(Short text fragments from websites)
======

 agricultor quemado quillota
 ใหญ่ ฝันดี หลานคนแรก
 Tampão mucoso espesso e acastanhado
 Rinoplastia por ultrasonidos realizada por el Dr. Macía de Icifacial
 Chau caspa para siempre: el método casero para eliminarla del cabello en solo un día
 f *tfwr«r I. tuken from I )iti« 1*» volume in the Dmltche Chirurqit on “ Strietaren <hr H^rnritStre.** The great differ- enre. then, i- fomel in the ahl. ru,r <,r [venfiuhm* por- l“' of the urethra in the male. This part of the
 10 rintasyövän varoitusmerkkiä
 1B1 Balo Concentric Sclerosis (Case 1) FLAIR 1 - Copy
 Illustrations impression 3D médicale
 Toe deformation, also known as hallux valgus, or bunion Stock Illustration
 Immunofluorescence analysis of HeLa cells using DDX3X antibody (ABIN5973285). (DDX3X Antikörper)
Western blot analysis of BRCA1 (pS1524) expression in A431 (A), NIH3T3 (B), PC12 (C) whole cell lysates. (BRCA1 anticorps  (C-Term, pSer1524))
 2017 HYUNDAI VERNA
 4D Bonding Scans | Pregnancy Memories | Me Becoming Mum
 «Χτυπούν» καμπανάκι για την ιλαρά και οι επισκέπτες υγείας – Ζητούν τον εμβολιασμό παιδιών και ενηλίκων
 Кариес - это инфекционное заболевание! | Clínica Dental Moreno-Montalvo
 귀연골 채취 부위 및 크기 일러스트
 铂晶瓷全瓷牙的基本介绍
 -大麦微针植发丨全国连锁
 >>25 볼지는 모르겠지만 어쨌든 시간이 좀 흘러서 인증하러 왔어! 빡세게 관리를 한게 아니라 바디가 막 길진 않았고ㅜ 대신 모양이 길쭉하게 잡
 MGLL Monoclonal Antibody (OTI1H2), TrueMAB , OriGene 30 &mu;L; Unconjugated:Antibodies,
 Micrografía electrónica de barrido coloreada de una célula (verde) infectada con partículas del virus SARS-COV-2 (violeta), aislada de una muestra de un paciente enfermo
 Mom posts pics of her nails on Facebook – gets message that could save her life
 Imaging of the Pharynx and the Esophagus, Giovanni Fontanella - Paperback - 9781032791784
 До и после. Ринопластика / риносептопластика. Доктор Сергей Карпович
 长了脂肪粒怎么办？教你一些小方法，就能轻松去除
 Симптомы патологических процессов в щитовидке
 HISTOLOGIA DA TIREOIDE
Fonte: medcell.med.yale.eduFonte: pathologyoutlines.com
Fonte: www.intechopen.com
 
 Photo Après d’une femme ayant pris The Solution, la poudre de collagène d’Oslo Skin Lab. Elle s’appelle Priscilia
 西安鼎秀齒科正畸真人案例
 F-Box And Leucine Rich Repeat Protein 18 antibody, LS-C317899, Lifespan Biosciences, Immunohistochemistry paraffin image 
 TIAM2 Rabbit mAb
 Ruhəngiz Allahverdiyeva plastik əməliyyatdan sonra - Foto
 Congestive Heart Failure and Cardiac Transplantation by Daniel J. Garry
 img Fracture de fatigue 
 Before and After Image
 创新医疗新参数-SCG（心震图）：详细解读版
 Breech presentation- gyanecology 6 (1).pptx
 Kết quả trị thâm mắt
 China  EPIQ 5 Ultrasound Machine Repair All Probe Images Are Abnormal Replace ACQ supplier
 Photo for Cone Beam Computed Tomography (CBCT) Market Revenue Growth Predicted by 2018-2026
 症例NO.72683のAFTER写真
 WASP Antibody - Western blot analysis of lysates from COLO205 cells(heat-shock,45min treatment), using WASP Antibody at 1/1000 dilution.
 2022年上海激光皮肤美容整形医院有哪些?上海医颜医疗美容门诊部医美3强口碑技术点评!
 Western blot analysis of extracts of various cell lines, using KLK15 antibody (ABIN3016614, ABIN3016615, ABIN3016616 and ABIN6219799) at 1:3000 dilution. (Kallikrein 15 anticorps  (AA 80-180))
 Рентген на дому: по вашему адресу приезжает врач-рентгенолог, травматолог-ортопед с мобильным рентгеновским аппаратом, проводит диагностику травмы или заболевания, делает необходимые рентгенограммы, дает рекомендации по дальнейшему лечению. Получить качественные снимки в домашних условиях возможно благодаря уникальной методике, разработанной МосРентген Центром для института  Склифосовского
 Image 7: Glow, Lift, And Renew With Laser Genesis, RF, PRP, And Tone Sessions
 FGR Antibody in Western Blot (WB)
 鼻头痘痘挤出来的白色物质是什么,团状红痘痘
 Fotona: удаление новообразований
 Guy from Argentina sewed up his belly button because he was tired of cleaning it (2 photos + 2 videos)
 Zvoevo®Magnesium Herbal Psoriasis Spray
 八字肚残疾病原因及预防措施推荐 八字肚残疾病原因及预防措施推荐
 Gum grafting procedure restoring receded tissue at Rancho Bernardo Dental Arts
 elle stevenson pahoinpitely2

======

▶ [ACTION ITEM] Extract exactly and only the lines above from the line containing "귀연골 채취 부위 및 크기 일러스트" through the line containing "Mom posts pics", both end lines included.

▶ [SOLUTION TO THIS EXERCISE]
 귀연골 채취 부위 및 크기 일러스트
 铂晶瓷全瓷牙的基本介绍
 -大麦微针植发丨全国连锁
 >>25 볼지는 모르겠지만 어쨌든 시간이 좀 흘러서 인증하러 왔어! 빡세게 관리를 한게 아니라 바디가 막 길진 않았고ㅜ 대신 모양이 길쭉하게 잡
 MGLL Monoclonal Antibody (OTI1H2), TrueMAB , OriGene 30 &mu;L; Unconjugated:Antibodies,
 Micrografía electrónica de barrido coloreada de una célula (verde) infectada con partículas del virus SARS-COV-2 (violeta), aislada de una muestra de un paciente enfermo
 Mom posts pics of her nails on Facebook – gets message that could save her life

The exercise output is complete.